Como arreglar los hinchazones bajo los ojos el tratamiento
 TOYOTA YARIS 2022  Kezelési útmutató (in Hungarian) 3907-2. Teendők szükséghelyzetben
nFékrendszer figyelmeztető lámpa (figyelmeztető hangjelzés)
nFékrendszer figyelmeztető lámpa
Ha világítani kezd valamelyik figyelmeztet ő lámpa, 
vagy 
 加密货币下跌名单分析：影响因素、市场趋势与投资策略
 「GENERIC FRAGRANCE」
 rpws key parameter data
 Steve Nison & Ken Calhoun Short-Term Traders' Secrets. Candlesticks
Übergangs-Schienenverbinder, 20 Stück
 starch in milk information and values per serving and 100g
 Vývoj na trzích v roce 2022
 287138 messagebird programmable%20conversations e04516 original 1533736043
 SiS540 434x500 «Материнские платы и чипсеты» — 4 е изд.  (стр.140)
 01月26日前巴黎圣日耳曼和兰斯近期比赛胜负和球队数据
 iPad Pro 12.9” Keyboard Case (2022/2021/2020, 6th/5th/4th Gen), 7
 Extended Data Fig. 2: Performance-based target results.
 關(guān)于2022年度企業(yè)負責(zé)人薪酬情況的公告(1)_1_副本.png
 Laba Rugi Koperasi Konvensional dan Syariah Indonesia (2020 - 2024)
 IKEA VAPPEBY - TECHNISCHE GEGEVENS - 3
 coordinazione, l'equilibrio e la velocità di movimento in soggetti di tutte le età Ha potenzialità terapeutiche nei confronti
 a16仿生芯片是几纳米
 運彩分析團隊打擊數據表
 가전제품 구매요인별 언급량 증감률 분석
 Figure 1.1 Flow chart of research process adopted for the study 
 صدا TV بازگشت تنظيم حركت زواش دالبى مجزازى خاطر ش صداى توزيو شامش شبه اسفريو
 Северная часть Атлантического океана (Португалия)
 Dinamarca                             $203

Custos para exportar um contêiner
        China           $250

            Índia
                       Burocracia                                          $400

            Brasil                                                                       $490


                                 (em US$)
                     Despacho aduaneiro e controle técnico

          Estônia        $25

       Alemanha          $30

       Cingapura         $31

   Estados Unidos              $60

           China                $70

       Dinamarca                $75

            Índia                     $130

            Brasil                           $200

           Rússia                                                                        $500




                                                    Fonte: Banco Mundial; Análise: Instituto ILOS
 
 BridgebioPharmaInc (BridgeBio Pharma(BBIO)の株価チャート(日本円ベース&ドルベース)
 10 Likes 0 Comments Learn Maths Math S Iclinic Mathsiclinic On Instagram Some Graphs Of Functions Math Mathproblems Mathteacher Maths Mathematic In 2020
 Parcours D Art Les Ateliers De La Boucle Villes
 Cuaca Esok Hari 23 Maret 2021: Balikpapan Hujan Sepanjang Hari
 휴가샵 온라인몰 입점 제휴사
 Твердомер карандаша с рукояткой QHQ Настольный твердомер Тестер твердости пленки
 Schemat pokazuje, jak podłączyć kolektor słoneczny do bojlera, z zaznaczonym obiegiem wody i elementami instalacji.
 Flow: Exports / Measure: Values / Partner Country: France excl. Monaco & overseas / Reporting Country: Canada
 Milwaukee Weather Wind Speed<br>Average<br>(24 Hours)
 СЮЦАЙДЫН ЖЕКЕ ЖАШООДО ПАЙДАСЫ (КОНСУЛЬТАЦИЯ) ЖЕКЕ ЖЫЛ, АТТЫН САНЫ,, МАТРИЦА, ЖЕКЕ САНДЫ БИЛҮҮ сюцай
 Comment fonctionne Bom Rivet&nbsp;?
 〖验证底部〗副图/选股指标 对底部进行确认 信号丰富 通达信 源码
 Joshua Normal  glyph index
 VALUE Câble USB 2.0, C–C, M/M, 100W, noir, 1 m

• _Problem_: Copy each line from the records above that includes the string "figyelmeztető".

• _Reply_:
nFékrendszer figyelmeztető lámpa (figyelmeztető hangjelzés)
nFékrendszer figyelmeztető lámpa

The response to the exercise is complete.